The solutions to Australia’s housing crisis are actually quite obvious

Photo by Russell Freeman/AAP
The policy director at the Centre for Future Work and Guardian columnist Greg Jericho writes (I June 2023) about solutions to Australia’s housing crisis. His professionally researched analysis bares out a long-term trend away from the suburban block to higher density living in townhouses and apartments. Rising interest rates are driving away home buyers. This masks the surge in multistorey residential projects. There is still not enough housing to meet the needs of a growing population. A surge in public and social housing would be a way to fix this. Greg Jericho’s contribution to the debate is timely contribution to the debate, especially when silly blame home seeker calls for people to tighten the belt stop being fussy are on the rise.  These are not the only relevant factors behind the housing crisis, but they are an important part of it.  

Every now and then, policy is not as hard as you might think. Climate change? Reduce emissions, don’t approve new mines to be offset with dodgy carbon credits.
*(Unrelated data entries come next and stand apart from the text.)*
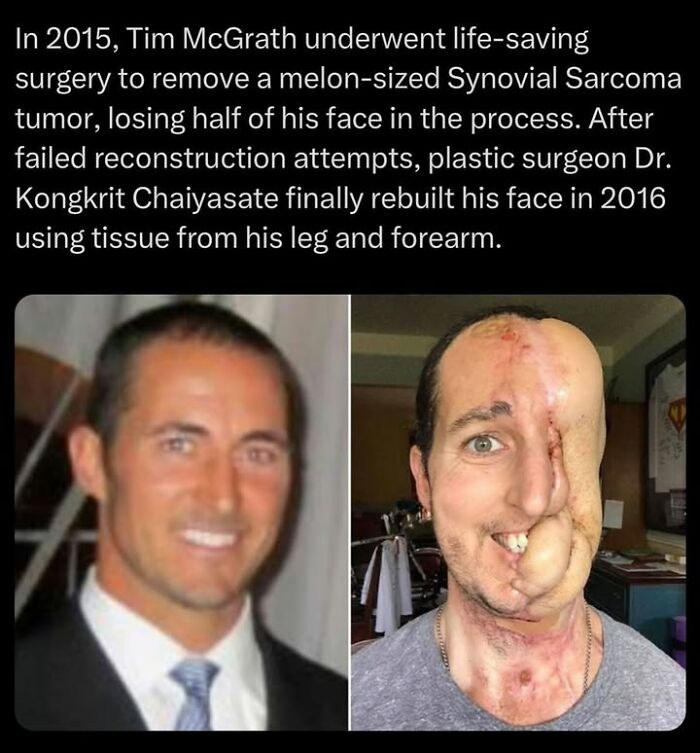 Side-by-side images showing dramatic face changes after life-saving surgery, illustrating creepy facts and pictures.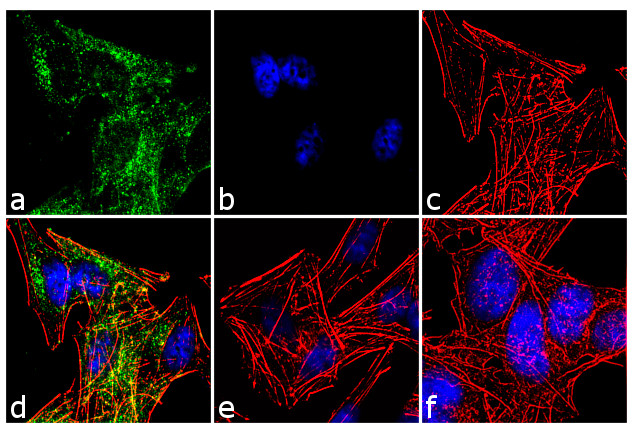 TrkC Antibody in Immunocytochemistry (ICC/IF)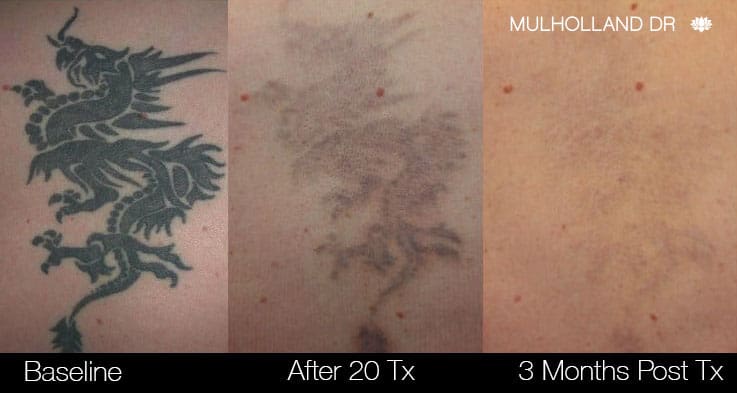 Laser Tattoo Removal  Essentials MediSpa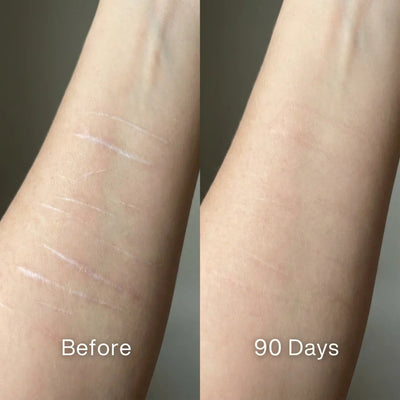Scar Renewal - Advanced Medical Silicone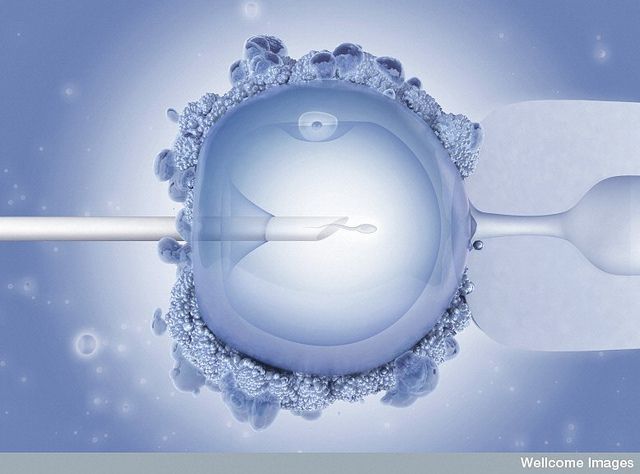 GLANEY TAKE the TRIPP/A Test Tube Baby 【公式通販】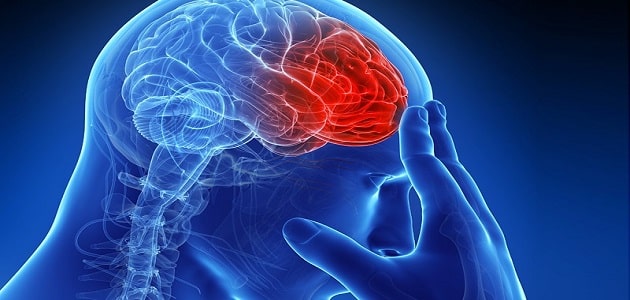 أعراض جلطة المخ عند الشباب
Poverty? Give poor people more money rather than regurgitate the line that the best form of welfare is a job. And when it comes to housing … gee, I don’t know, how about … build more housing?
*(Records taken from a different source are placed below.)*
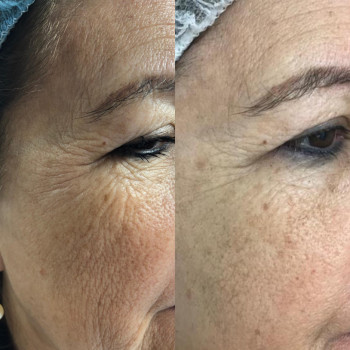 Биоревитализация
                    Косметолог Анастасия Одесса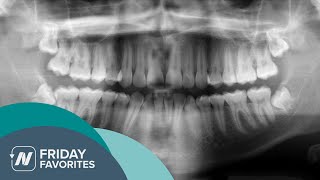 Friday Favorite How to Treat Periodontitis with Diet [upl. by Braasch]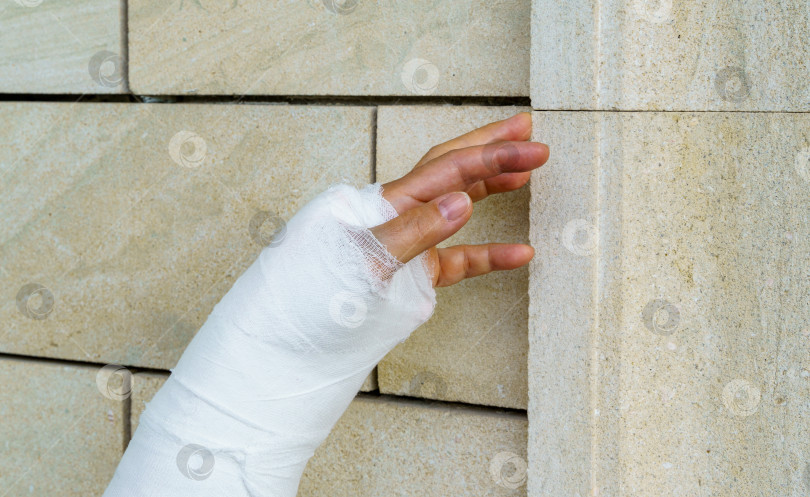 Скачать Женская рука в белом гипсовом слепке на фоне светло-песчаной стены фотосток Ozero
Tuesday’s building approval numbers showed there has been a large drop in new residential buildings being approved for construction – houses down 18% and other residential down 38 percent:

This is certainly due to the massive increase in interest rates over the past year, and it does suggest a very strong slowing of residential building at a time the population will increase 2 percent.

But the growth numbers are a bit misleading, because they are compared with April a year ago when the cash rate was still 0.1 percent.

If we look at total approvals, the amount in April was down, but not massively below the long-term median.

In fact, it is a weird thing about housing – no matter how far you go back there is usually the same number of houses being approved for construction each month.

The ABS provides raw data going back to 1956. If we use a six-month average to take out some of the noise, since around the late 1960s you could predict about 9,000 new houses would be approved in any month and you would not be far wrong.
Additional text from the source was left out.